Ikea has long tagged much of its furniture with warnings to consumers that items must be secured to walls to guarantee safety, but that approach may have reached its limit. The dressers affected by Tuesday's recall have been under criticism for a while, and in fact were the subject of a less stringent recall last year that called for “repairs” and also recommended anchoring kits.
Ikea has previously said that its dressers are designed to meet European safety standards, not American guidelines, according to the Philadelphia Inquirer. The CPSC is now stepping up its scrutiny of the retailer and is contemplating higher safety standards.
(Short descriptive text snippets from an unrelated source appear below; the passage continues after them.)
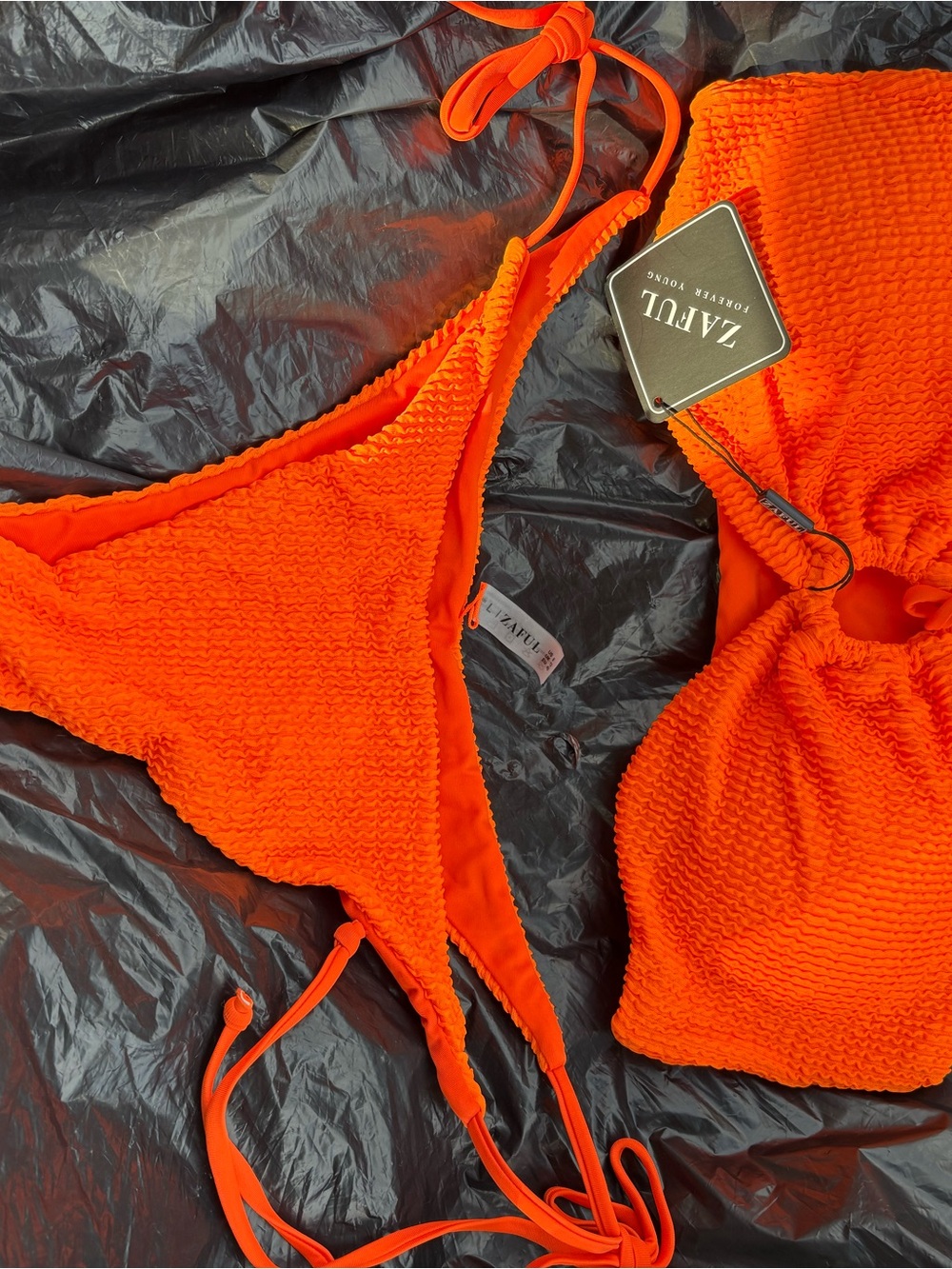 Zaful Bright Orange Textured Bandeau Bikini Set
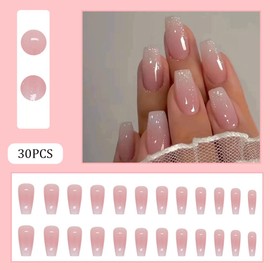 Hrnsnails Coffin Press On Nails Medium Fake Nails with Ombre&Glitter Nail Press Ons Design, Artificial False Nails Stick On Nails for Women-30Pcs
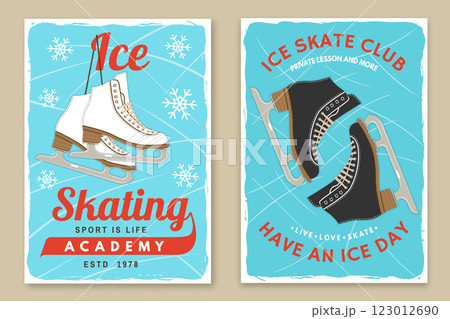 Set of Ice Skate club flyer, poster, banner design. Concept for shirt or logo, print, stamp or tee with skate, helmet, ice skater girl. Winter sport. Vector illustration. 123012690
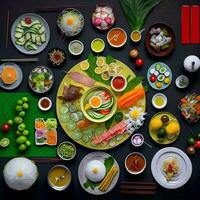 Top view of table dinner Vietnamese. Knolling photography of family dinner new year , vibrant. Vietnamese Traditional Meal in Country side. Flat lay. photo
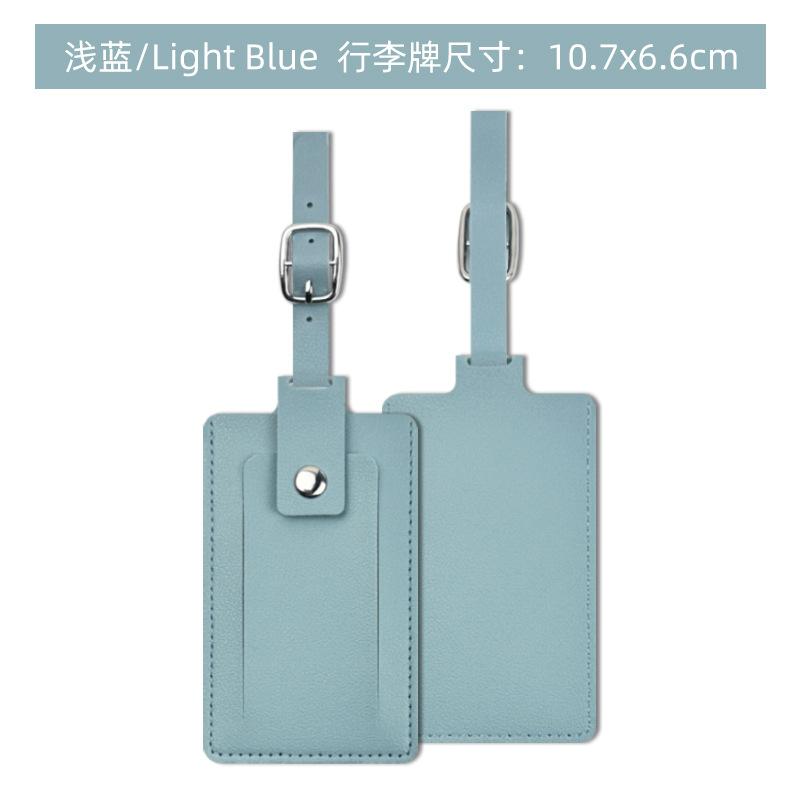 

PU Leather Luggage Tag for Women Men Travel ID Holder Suitcase Label Portable Boarding Tag Accessories світло-синій колір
“Consumers, especially parents with young children, need stable furniture in their homes,” CPSC chairman Elliot F. Kaye said in a statement. “I have seen first-hand that innovative furniture designs with enhanced stability are functional, attractive, and possible. Now is the time to embrace new, more stable designs and make these tragic tip-over fatalities a thing of the past. I am calling on the furniture industry to accelerate bringing safer designs to market. I know we can have a thriving furniture industry and safer children at the same time.”
Ikea also faces a series of lawsuits. “There is no reason for Ikea furniture to be so unstable and prone to tip over that it threatens the very lives of small children who have these dressers in their bedrooms," said attorney Alan Friedman, whose firm Feldman Shepherd represents the families of three boys killed when Ikea Malm dressers tipped over. "Ikea knows how to design and build safer products, and it’s time for this company to get its act together.”